= Tecalli =

Noble household or lineage

In ancient Mexico, a teccalli was a noble household or lineage. The Nahuatl word teccalli is a combination of teuctli, meaning lord, and calli, meaning house. It directly translates to "lord-house" and it can be found in the house compounds of altepetls. The ruler tlatoani and other nobles pipiltin would inhabit this house and have commoners macehualtin work on the land.

== Background ==
In altepetl structure, the differentiation between teccalli and calli allows for the understanding of the division between commoners and nobles. Although certain city-states may have organized themselves differently, the western ones fully integrated the teccalli into their housing compound, while the eastern ones did not. This physical separation further portrays the distinction between commoners and nobility in the altepetl. Despite being separated from the commoners houses calli, “commoners were part of the noble houses, too”, since they worked on the land. The Calli was distinct from the Tecalli being that At the most basic level, the Calli was a building structure designed for human residents in Anahuac. The Calli is similar to a household, but no Nahua sources use the term “family”. Words used to represent something to the extent of a family are Cenyeliztli, which translates to “being together”, and Cencalli, which translates to “one house”. The Calli can be associated with a household or joint living space, but it is not necessarily a singular nuclear family occupying it. The term Calli is most frequently used to describe household affairs. Nahuatl does not distinguish between using Calli as singular or plural and is used in both forms. Like the Atlpetl, the Calli can be considered a form of social structure as multiple people from different lineages occupy the space. The Calli, however, is more fluid than the Atleptel as there is constant movement with the number of people involved.
This conveys the ways in which the tribute system functioned in the altepetl and how it was politically and economically affiliated. The fact that the nobles had forced commoners into collective labour portrays the power and authority they had over them, and their continuous increase in wealth from the goods they received. Thus, the teccalli “helped the state to control its subjects, collect the fruit of their labours, and [...] minimize their ability to develop a sense of corporate identity at the local level”. Therefore, it is evident that the teccalli was the “fundamental political subunit of the city-state”.

== Lineage and Kinship ==
Nahua altepetls were made up of 4-8 subunit families and marriage alliances were not uncommon between city-states. Gender roles were evidently complimentary and women had some responsibility in the altepetl; however, men are constantly portrayed in positions of power. This suggests a patriarchal social system, yet it remains unclear.
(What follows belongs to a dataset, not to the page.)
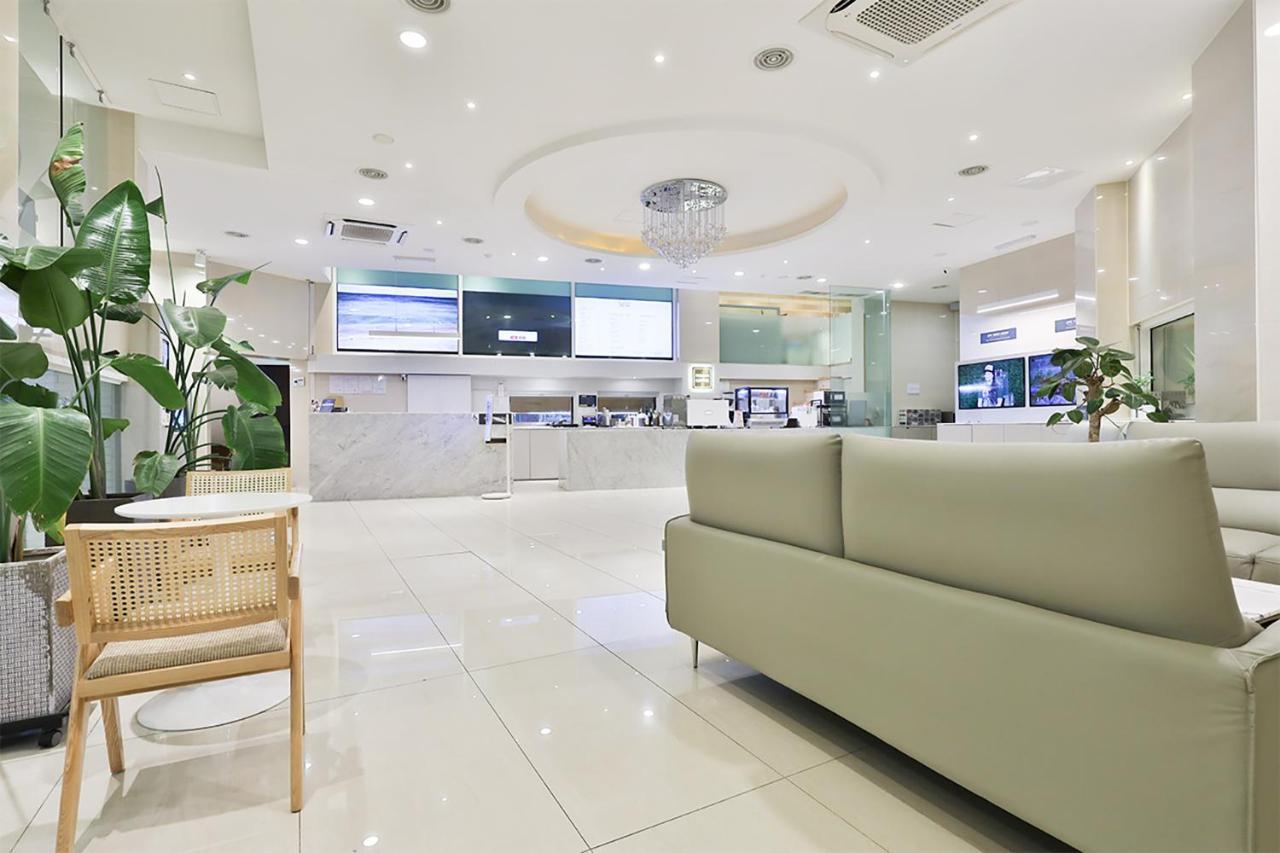 Shire Hotel Seomyeon ปูซาน ภายนอก รูปภาพ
The teccalli further expands on the Nahua concept of lineage and kinship. Head of the lord-house was the teuctli, and the pipiltin were members. The succession of the lord was mostly through direct descent or through his brothers and the “noble member of the teccalli were related to the teuctli”. The number of members in the teccalli differed between altepetls. Up to six generations, following the male line, could be found in the same house with 22 to 47 members per house. The people living in the teccalli convey the ways in which Nahua valued relatives and how status is passed down through generations. It also implies the idea that “patrilocality was the dominant system in the region” and further clarifies the concept of patriarchy in Nahua society. Thus, the members of the teccalli and their relationship to one another conveys lineage, kinship and patriarchy in Nahua society.

== Social Context ==
The Nahua people adopted a social organization that had a clear hierarchy. Each city-state altepetl, had its own nobility pipitlin, commoners macehualtin, serfs mayeque slaves tlacotin and ruler tlatoani. Nobility was associated with religion, government and war and they had distinct clothing to differentiate themselves from the commoners. Commoners were involved in agriculture and trade and had a sedentary lifestyle. A tribute system was adopted in the altepetls, where the nobles received goods and services from the commoners. This explains the clear division of land, where it was communally owned, but individually held. The inhabited land was owned by those in power, yet commoners lived and worked on those lands to provide for their families and for tribute. Due to sedentary agriculture being a big part of their lives, the tribute system was a crucial part of the altepetl's economy.